Da anni lo schema è sempre lo stesso. Gruppi antagonisti di sinistra si presentano nelle piazze con slogan altisonanti su diritti e libertà, ma agiscono con metodi da guerriglia urbana: devastazioni, bombe carta, lanci di pietre, aggressioni mirate. La maschera ideologica serve solo a coprire pratiche che non hanno nulla a che vedere con il confronto democratico. Pestare un uomo a terra non è protesta. Colpire un poliziotto con un martello non è militanza. È terrorismo.

Gli scontri di Torino non nascono dal nulla: nascono dal fatto che lo Stato ha fatto lo Stato, esercitando il suo diritto-dovere di far rispettare la legge. Un principio elementare, che dovrebbe unire tutti i cittadini al di là delle idee politiche. E invece, nel 2026, c’è ancora chi risponde alle regole comuni con la violenza organizzata, trasformando le città in teatri di intimidazione.

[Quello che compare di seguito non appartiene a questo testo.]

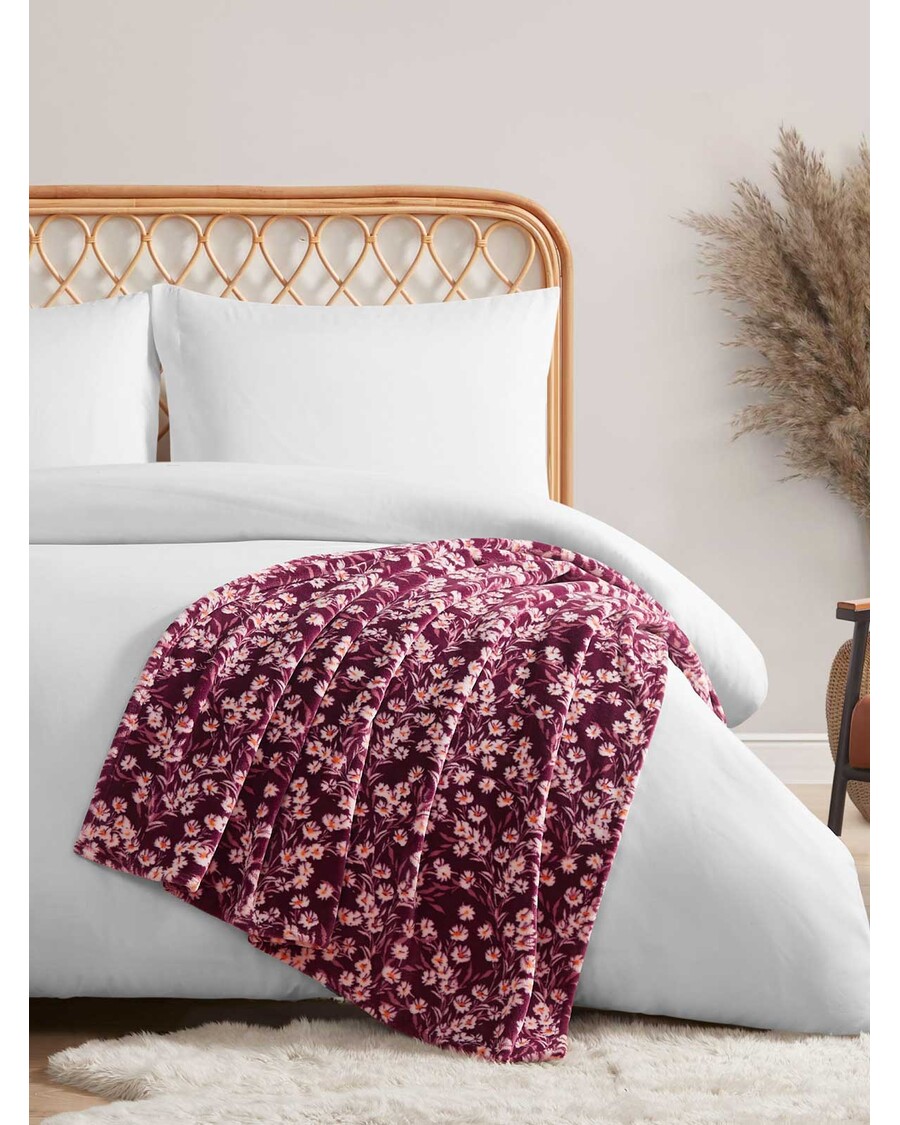 Jessica Simpson Wildflower Park Plush Throw in Wine Red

C’è un paradosso intollerabile in tutto questo: chi dice di difendere i diritti nega, con i fatti, il più fondamentale di tutti, quello alla sicurezza e alla vita. Non solo degli agenti in divisa, ma dell’intera collettività. Perché uno Stato che arretra di fronte alla violenza politica manda un messaggio pericoloso: che colpire conviene, che intimidire paga.

L’aggressione ad Alessandro Calista non è un episodio isolato. Oltre cento agenti feriti in una sola giornata non sono una statistica neutra: sono il segnale di una deriva che si sta consolidando. E di fronte a questa deriva non bastano più le dichiarazioni di solidarietà, doverose ma insufficienti. Serve una linea chiara, netta, senza ambiguità.

La violenza politica non è dissenso. È criminalità. Chi sceglie la strada delle spranghe ha già rinunciato al confronto. Chi colpisce un poliziotto a terra non difende alcuna causa: la distrugge. E uno Stato che non tutela fino in fondo chi lo difende, rischia di perdere non solo autorevolezza, ma anche il controllo del proprio futuro.